Hess has a 30% stake in the Stabroek Block, while Exxon leads the development with a 45% stake. China National Offshore Oil Corp. holds the remaining 25%.
Exxon filed for arbitration in March to defend the rights it claims under the joint operating agreement. Chevron and Hess have told investors the pending deal would terminate if Exxon prevails.
Hess Corp. said Tuesday that the deal’s completion depends on the resolution of the arbitration proceedings. The companies are working to complete the merger “as soon as practicable,” according to Hess.
Ahead of the vote, Hess shares were trading at around $152, which means the deal spread has widened since when the transaction was announced. That suggests some investors fear the agreement is at risk.
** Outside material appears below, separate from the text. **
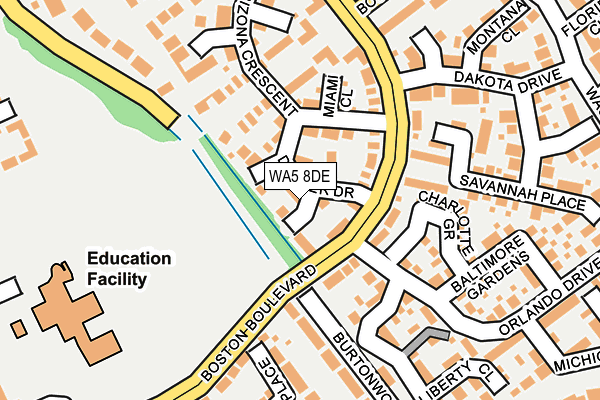 WA5 8DE map - OS OpenMap – Local (Ordnance Survey)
Chevron has repeatedly maintained that the Exxon’s claims under the joint operating agreement do not apply to its acquisition of Hess.
“We are confident our position on the preemption right will be affirmed in arbitration and are working to advance the process on this straightforward matter,” said Chevron spokesperson Bill Turenne in a statement Tuesday. “We look forward to completing the transaction and welcoming Hess to our company.”
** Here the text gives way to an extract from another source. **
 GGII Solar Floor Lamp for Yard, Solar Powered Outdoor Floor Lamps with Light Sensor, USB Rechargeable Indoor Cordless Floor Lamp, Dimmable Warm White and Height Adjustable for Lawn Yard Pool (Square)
But Exxon CEO Darren Woods has said his company is in a good position to prevail in arbitration, telling CNBC in April that the oil major wrote the agreement.
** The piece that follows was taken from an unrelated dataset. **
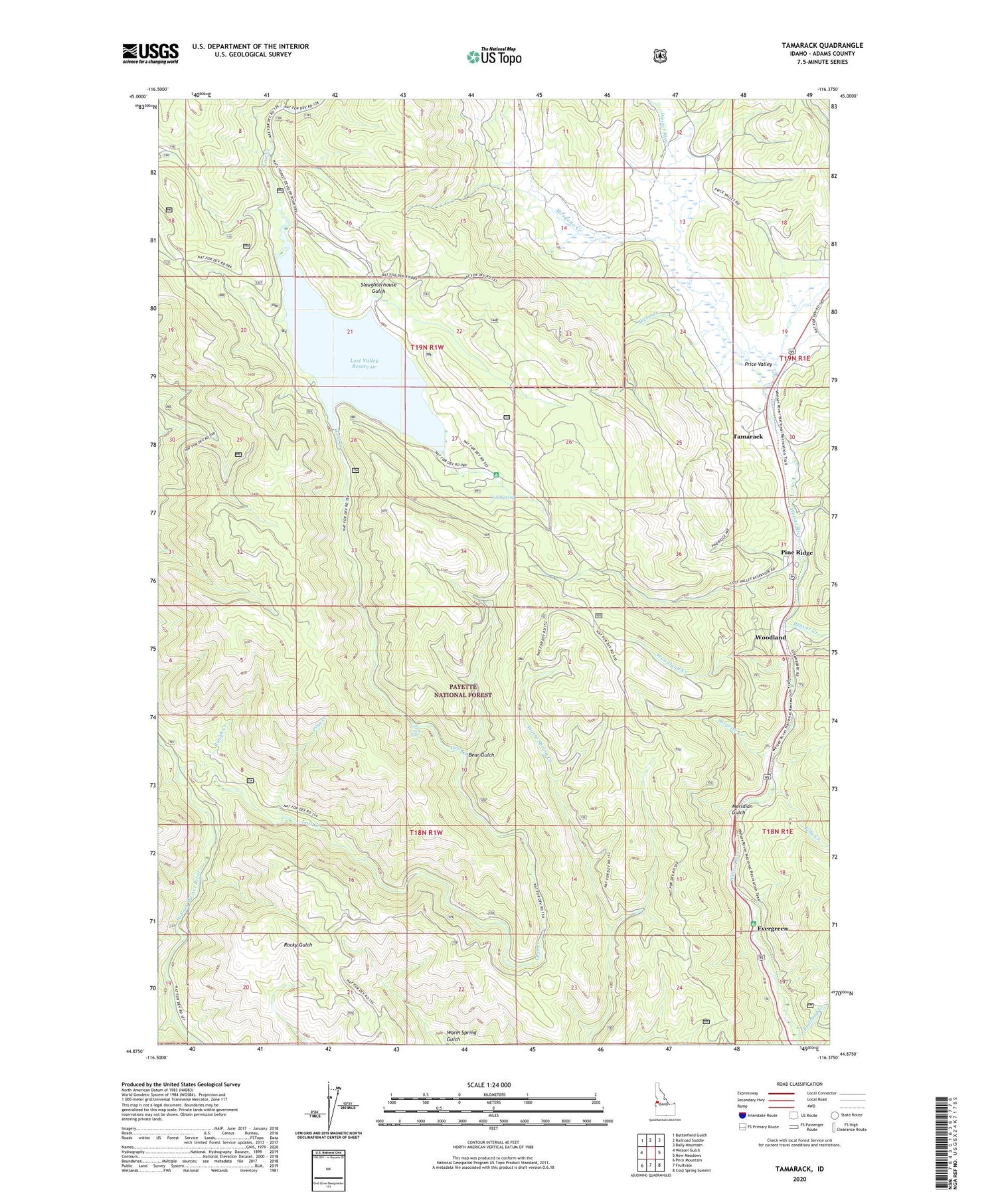 Tamarack Idaho US Topo Map Image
The Chevron-Hess deal was originally slated to close in the first half of 2024, but that timeline has been delayed due to the Exxon factor. Chevron CEO Mike Wirth told analysts on a conference call last month that Hess has asked the arbitration court to issue a ruling in the fourth quarter, which should allow the companies “to close the transaction shortly thereafter.”
Woods told CNBC in April that he expects arbitration to drag into 2025. The CEO has said Exxon does not intend to make a bid for Hess. Exxon is seeking to confirm its rights under the joint operating agreement and find out the value placed on Hess’ Guyana assets under the deal, Woods said.
If Exxon prevails and the Chevron-Hess deal terminates, Hess would remain a stand-alone company and maintain its stake in the Stabroek Block.
The Chevron-Hess pact is also facing scrutiny from the Federal Trade Commission. Turenne said Chevron expects to the FTC review to move toward a conclusion in the coming weeks.
Institutional Shareholder Services had called for Hess shareholders to abstain from the vote on the merger agreement to allow for more details to emerge on how long the arbitration process will take.
ISS said Chevron and Hess did not promptly notify shareholders of the risk posed by the joint operating agreement, waiting months after the deal was announced. Hess shareholders would bear the risk if the deal terminates because Chevron is not obligated to pay a termination fee, according to ISS.
Shareholders would also not be entitled to Chevron’s dividend during the arbitration process, according to ISS. The dividend was touted by Hess as one of the main benefits of the merger, according to ISS.
Glass Lewis, on the other hand, recommended that shareholders vote in favor of the deal. The firm acknowledged that the dispute with Exxon has created uncertainty, but said “the strategic and financial merits of the proposed merger are sound and reasonable, on balance.”